A growing number of companies that sell standardized tests are using natural language processing to assess writing skills. Critics contend that these language models don’t make the grade.
What happened: An investigation by Motherboard found that several programs designed to grade English-language essays show bias against minorities and some students who speak English as a second language. Some models gave high scores to computer-generated essays that contained big words but little meaning.
What they found: Models trained on human-graded papers learn to correlate patterns such as vocabulary, spelling, sentence length, and subject-verb agreement with higher or lower scores. Some experts say the models amplify the biases of human graders.
- In 2018, the publishers of the E-Rater — software used by the GRE, TOEFL, and many states — found that their model gave students from mainland China a 1.3 point lift (on a scale of 0 to 6). It seems that Chinese students, while scoring low on grammar and mechanics, tend to write long sentences and use sophisticated vocabulary.
- The same study found that E-Rater docked African-American students by .81 points, on average, due to biases in grammar, writing style, and organization.
- Motherboard used BABEL to generate two essays of magniloquent gibberish. Both received two 4-out-of-6 scores from the GRE’s online ScoreItNow! practice tool.
Behind the news: At least 21 U.S. states use NLP to grade essays on standardized tests for public schools. Of those, 18 also employ human graders to check a small percentage of papers randomly.
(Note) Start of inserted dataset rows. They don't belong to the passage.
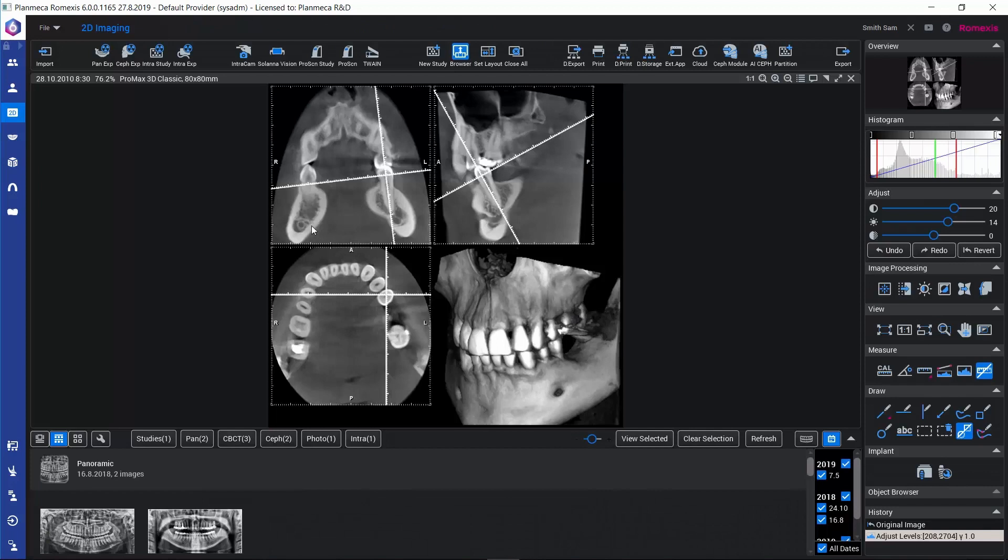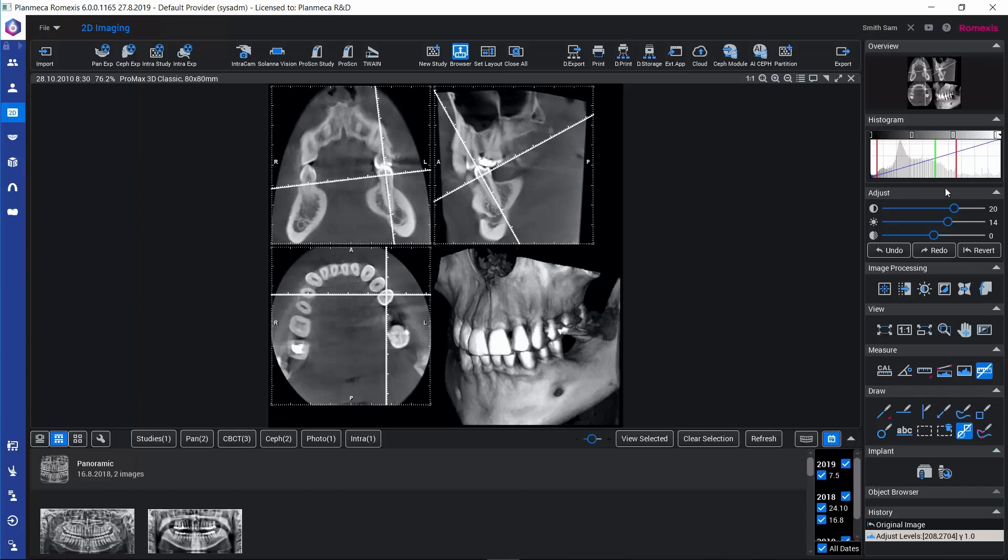The 2D snapshots get saved here in the 2D module for the patient. We can find this one here in the CBCT category. And as I said, now we can continue working on the image with the 2D processing tools.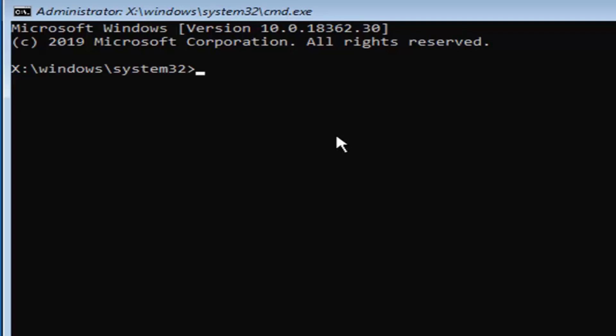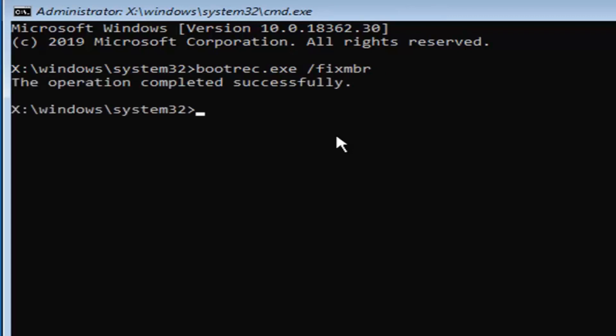Please take note of exactly how I type this — make it the exact same. First, type in: bootrec.exe /fixmbr — that's b-o-o-t-r-e-c dot e-x-e, space, forward slash, fixmbr. Hit enter on your keyboard. You should come back with 'The operation completed successfully'.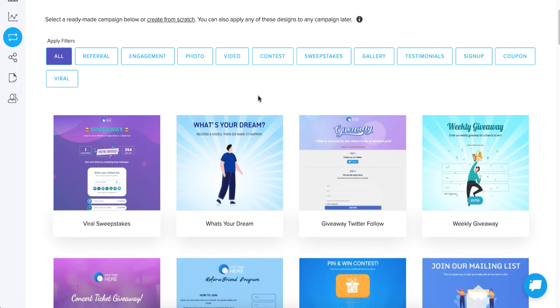So all you need to do is go in there, maybe tweak a few things and you're ready to launch. So what I want to do is launch a campaign template and then I'll show you what each of the different campaign types are and show you how to change the campaign type for the template you selected.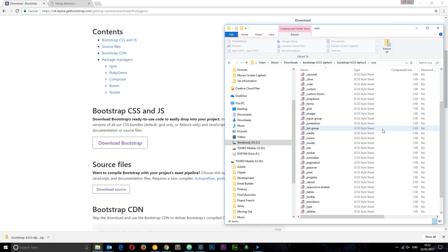For example, the jumbotron one, or forms, or grids, etc. So you can access all those independently and then just load them into an asset pipeline as you wish.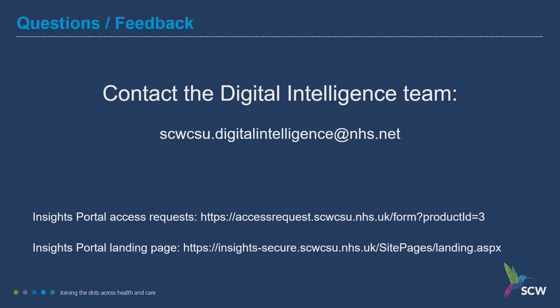If you have any further questions or you would like to provide feedback on this presentation, please contact the Digital Intelligence Team using the address below. Links to the Insights Portal access request form and the Insights Portal landing page are shown at the bottom of the screen.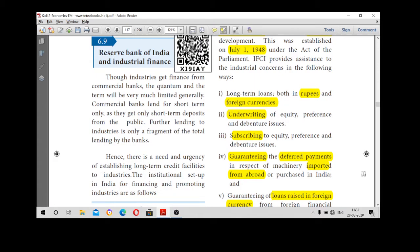Welcome back to my class children. We already saw about the role of RBI in agricultural development. Now we are going to see Reserve Bank of India and industrial finance.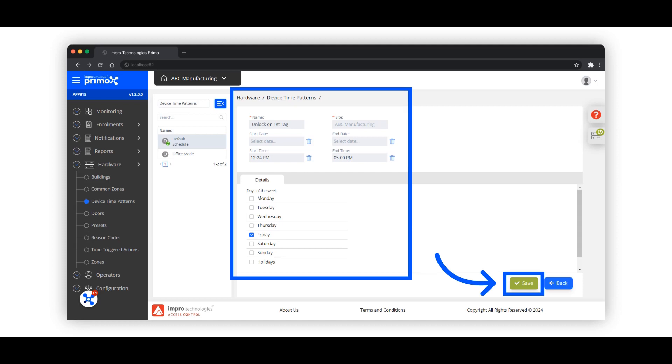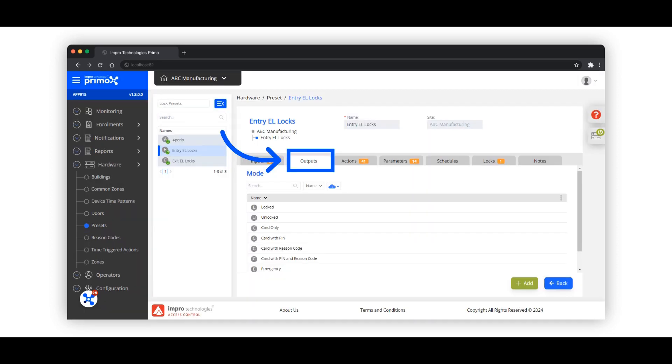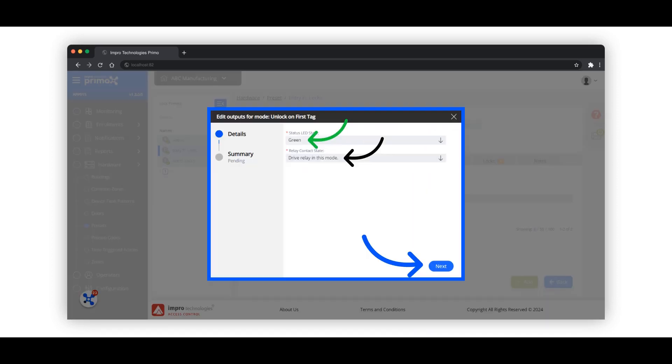This feature allows a door to remain unlocked during the specified period. Next, you have to configure the mode unlock on first tag. This is done under presets. Click on the outputs tab. Here you will configure the LED and relay states. I have changed the LED color to green on the reader when unlock on first tag is activated. The relay contact state must be set to drive relay in this mode.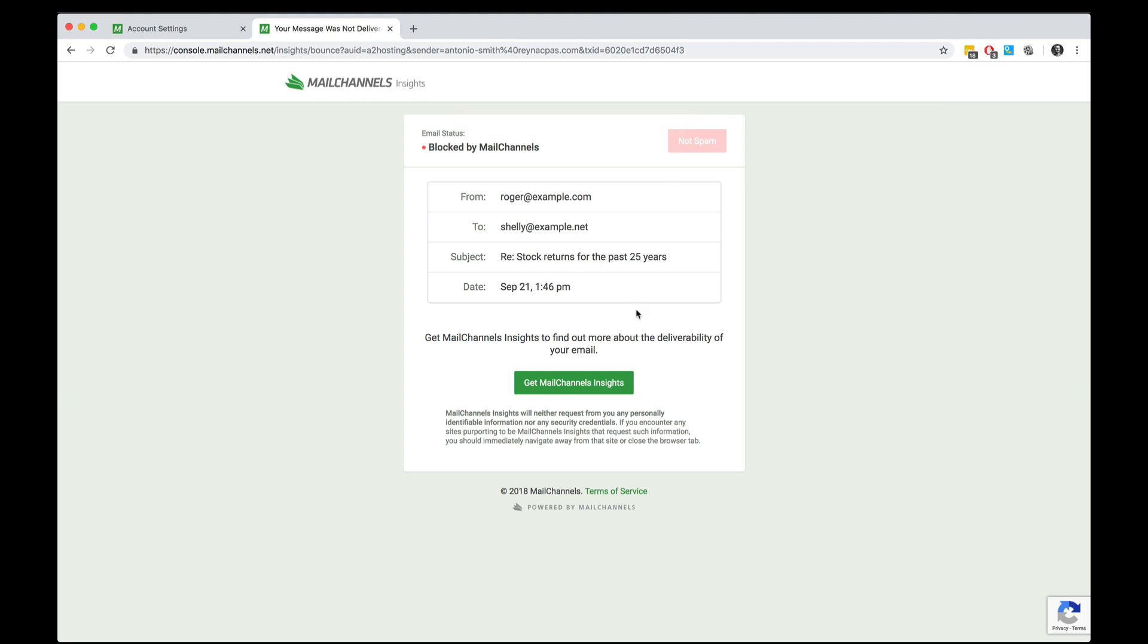If they click the green button to get MailChannels Insights, then they'll receive an email message from MailChannels allowing them to enroll in the Insights service and then log in to see all of their email delivery logs. And this is something we offer free of charge to all of our customers. Thank you.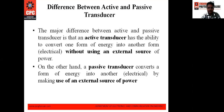As the name itself indicates, the active transducer converts one form of energy into another form without using an external source. That is the major difference — an active transducer has the ability to convert one form of energy into electrical energy without using an external source of power.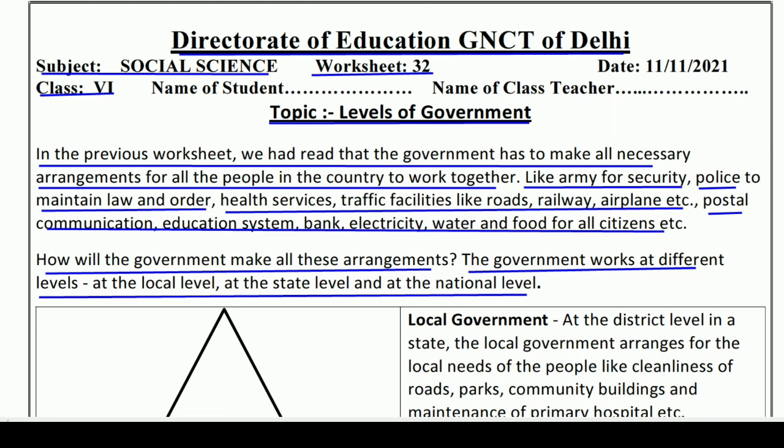Just like — agar aap jaante hain — jaise humara school hai. School mein jo principal sir hain, that means national level. Okay, example: then your class teachers, that means state level. Now, many times a class is big, there are many children. Under them there are monitors, and what do the monitors do? They work at the local level. This is how the government works.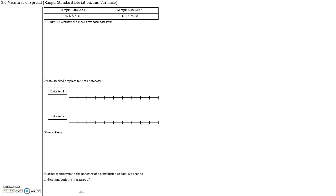In section 2.5, we looked at the measures of center of a data set. In section 2.6, we will look at measures of spread of a data set. So let's start off with two different sample data sets, and we will calculate the mean of each data set.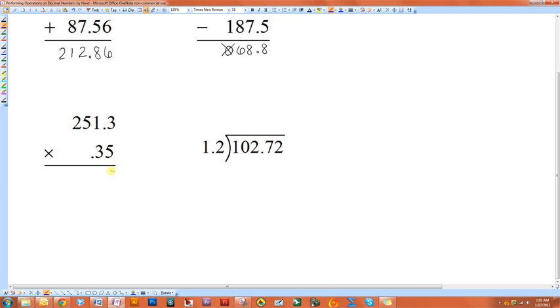Five times three is fifteen. Carry my one. Five times five is five, plus one is six. Five times five is twenty-five. Carry the two. Five times two is ten, plus two is twelve.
Why it matters: Standardized tests help determine access to education and jobs for millions of Americans every year. Inappropriate use of NLP could be robbing them of life-changing opportunities.
We’re thinking: The company behind E-Rater is the only one that publishes studies on its grading model’s shortcomings and what it’s doing to fix them. Colleges and school boards should lead the charge in demanding that other test providers do the same.